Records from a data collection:
>>>
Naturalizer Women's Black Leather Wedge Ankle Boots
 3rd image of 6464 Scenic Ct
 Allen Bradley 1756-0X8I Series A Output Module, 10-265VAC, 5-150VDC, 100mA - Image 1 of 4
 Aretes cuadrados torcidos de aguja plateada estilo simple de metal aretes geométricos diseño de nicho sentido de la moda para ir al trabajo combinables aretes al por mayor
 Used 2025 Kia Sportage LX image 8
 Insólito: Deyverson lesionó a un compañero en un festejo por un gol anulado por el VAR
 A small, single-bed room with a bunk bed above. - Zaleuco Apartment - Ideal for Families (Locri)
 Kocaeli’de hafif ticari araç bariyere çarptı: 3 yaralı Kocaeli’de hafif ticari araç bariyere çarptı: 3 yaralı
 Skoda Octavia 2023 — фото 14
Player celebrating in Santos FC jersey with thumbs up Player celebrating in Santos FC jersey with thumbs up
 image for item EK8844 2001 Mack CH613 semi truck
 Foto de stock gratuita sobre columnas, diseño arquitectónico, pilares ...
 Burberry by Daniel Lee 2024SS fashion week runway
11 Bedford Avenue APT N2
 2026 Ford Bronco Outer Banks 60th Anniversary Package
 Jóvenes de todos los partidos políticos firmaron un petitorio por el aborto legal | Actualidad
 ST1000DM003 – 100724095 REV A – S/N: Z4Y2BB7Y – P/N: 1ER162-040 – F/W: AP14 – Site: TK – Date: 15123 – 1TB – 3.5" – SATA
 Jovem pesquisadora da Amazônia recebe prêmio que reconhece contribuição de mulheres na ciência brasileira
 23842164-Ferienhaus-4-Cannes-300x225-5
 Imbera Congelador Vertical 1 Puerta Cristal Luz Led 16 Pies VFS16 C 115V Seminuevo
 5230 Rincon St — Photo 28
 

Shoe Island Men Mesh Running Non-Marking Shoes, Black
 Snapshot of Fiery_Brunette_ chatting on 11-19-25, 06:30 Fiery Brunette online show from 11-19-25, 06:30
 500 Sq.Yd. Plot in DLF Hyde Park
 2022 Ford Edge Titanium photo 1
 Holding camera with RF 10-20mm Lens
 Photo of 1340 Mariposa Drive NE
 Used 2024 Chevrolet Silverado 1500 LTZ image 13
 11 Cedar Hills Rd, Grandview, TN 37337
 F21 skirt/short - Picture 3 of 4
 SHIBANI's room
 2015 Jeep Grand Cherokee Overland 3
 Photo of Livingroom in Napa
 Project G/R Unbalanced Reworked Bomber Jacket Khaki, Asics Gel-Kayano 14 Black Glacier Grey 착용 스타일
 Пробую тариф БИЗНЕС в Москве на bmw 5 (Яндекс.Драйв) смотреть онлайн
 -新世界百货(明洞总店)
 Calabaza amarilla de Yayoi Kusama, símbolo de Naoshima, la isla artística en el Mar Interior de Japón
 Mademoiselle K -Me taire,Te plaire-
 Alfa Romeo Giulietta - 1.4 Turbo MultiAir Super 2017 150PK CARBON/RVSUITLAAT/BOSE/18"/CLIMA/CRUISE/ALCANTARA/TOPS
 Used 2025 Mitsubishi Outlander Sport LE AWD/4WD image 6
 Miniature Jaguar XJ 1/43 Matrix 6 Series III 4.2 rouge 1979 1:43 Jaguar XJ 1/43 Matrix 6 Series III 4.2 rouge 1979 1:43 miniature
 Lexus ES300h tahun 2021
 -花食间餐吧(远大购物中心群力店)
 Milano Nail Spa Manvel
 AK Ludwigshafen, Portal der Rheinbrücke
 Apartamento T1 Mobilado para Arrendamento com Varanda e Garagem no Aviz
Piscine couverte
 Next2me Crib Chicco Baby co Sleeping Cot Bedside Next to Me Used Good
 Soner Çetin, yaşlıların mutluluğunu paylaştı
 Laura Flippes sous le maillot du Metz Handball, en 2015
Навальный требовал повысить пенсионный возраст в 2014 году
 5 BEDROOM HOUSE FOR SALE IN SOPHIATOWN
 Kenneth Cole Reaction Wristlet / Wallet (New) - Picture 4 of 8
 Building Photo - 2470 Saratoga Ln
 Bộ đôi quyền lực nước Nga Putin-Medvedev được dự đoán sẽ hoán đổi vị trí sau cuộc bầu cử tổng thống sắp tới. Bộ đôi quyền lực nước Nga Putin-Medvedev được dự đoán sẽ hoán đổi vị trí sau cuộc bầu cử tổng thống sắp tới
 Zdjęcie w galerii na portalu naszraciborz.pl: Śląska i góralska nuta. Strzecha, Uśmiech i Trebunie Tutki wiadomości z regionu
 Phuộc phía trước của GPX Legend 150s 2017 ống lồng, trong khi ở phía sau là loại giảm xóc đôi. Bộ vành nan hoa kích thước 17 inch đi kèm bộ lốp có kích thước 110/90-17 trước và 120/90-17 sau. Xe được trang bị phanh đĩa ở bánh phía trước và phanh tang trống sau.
<<<
◆ TASK REQUIREMENTS:
Some lines in the data above hold the string "with". Find and copy each of them.

◆ THE ANSWER:
 A small, single-bed room with a bunk bed above. - Zaleuco Apartment - Ideal for Families (Locri)
Player celebrating in Santos FC jersey with thumbs up Player celebrating in Santos FC jersey with thumbs up
 Holding camera with RF 10-20mm Lens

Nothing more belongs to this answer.